- _SOURCE RECORDS_:

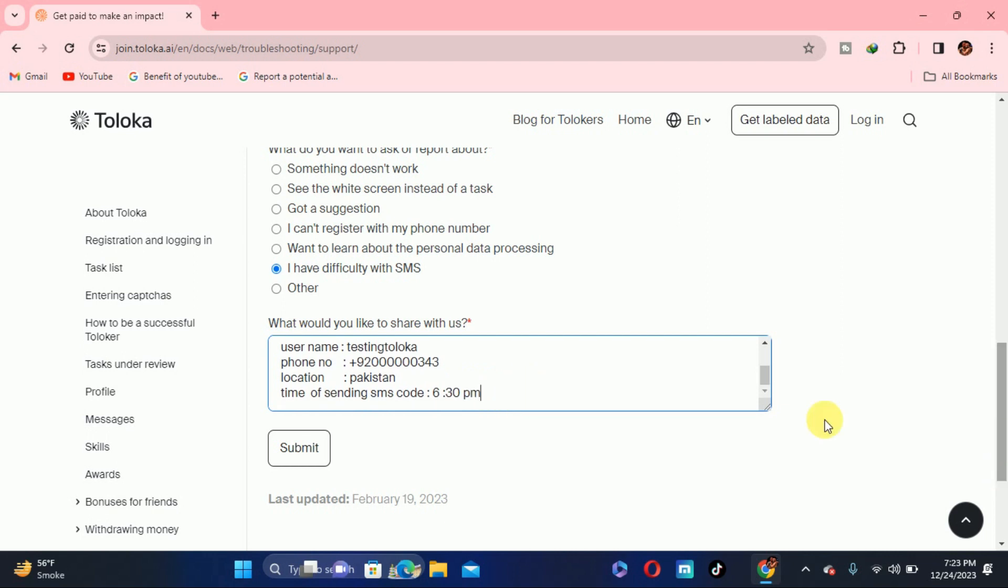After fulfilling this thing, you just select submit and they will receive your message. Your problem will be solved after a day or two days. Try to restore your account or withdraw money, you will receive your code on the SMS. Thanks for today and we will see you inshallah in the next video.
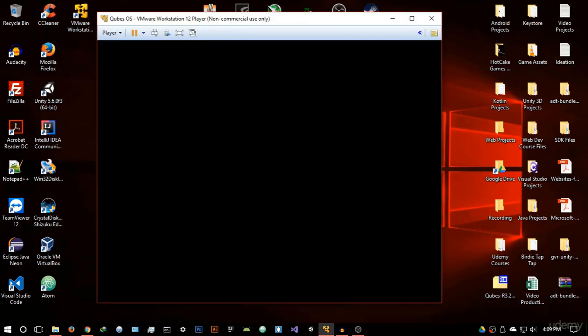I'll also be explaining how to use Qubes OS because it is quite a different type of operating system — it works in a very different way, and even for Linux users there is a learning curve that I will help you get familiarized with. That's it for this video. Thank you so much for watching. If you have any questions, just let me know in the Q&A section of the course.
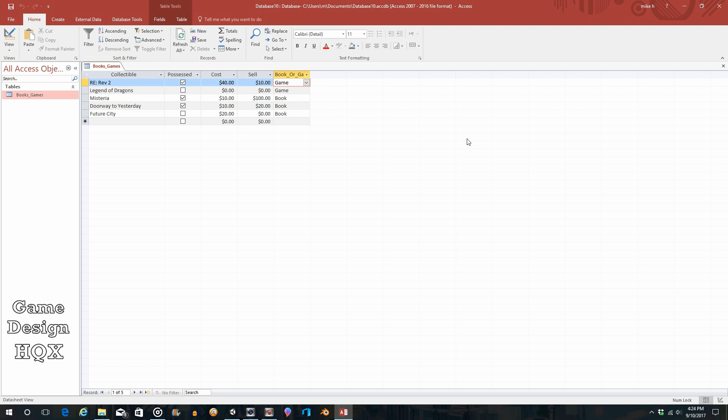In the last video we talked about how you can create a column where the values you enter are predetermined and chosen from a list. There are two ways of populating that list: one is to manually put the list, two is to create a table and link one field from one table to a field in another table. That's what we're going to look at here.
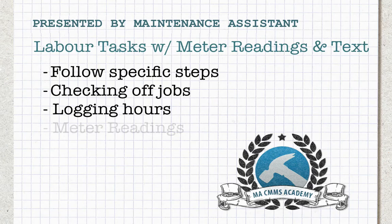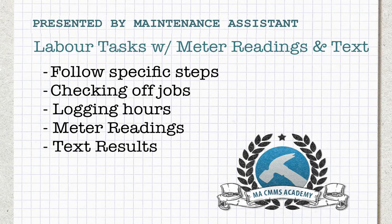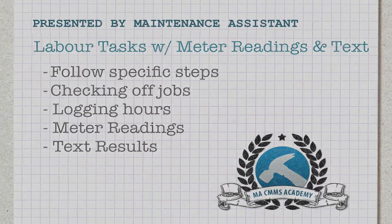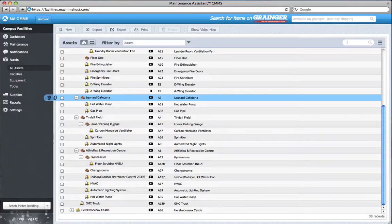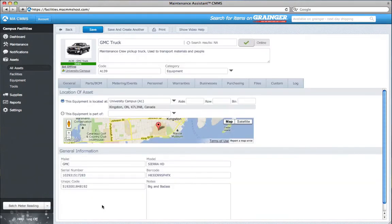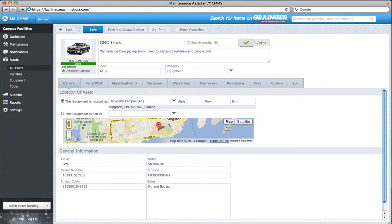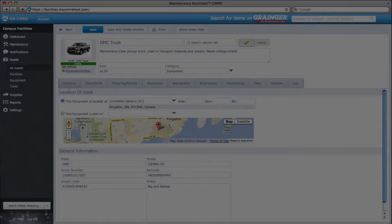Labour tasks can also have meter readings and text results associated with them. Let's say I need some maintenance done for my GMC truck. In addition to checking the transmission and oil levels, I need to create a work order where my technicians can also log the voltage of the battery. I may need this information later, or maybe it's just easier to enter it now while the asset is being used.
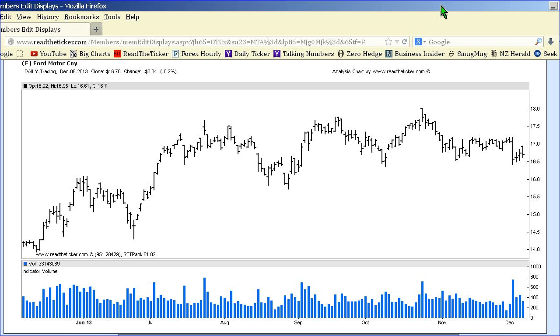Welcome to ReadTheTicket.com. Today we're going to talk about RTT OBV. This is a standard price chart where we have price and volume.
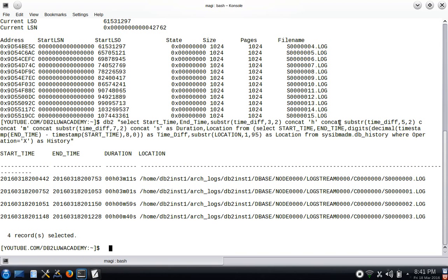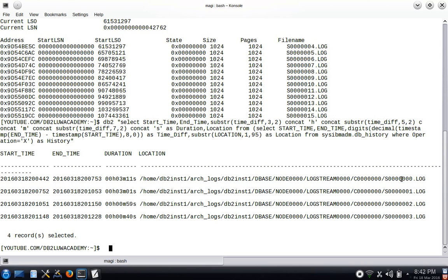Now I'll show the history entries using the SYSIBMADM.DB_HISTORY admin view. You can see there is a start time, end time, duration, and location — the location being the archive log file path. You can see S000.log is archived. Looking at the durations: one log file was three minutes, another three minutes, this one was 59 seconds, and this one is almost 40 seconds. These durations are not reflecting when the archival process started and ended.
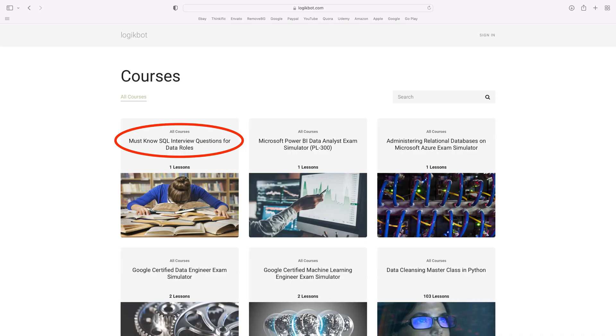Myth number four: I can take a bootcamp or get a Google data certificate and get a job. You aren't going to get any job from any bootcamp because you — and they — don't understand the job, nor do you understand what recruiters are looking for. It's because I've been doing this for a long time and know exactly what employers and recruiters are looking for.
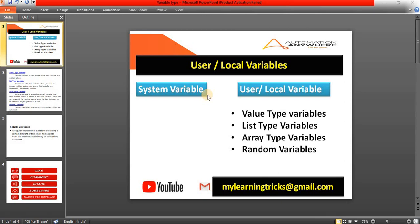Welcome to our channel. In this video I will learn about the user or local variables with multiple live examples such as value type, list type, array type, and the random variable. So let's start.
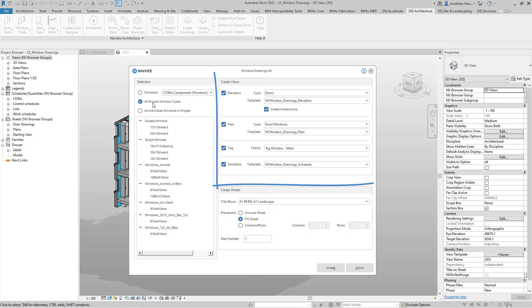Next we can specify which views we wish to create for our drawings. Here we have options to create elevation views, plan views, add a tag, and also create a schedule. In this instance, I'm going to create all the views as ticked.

- _ASSIGNED TASK_: Everything from the opening line of the data through the line with "In the last" should be repeated exactly; leave the pictures out.

- _TASK RESULT_:
After fulfilling this thing, you just select submit and they will receive your message. Your problem will be solved after a day or two days. Try to restore your account or withdraw money, you will receive your code on the SMS. Thanks for today and we will see you inshallah in the next video.
I'll also be explaining how to use Qubes OS because it is quite a different type of operating system — it works in a very different way, and even for Linux users there is a learning curve that I will help you get familiarized with. That's it for this video. Thank you so much for watching. If you have any questions, just let me know in the Q&A section of the course.
In the last video we talked about how you can create a column where the values you enter are predetermined and chosen from a list. There are two ways of populating that list: one is to manually put the list, two is to create a table and link one field from one table to a field in another table. That's what we're going to look at here.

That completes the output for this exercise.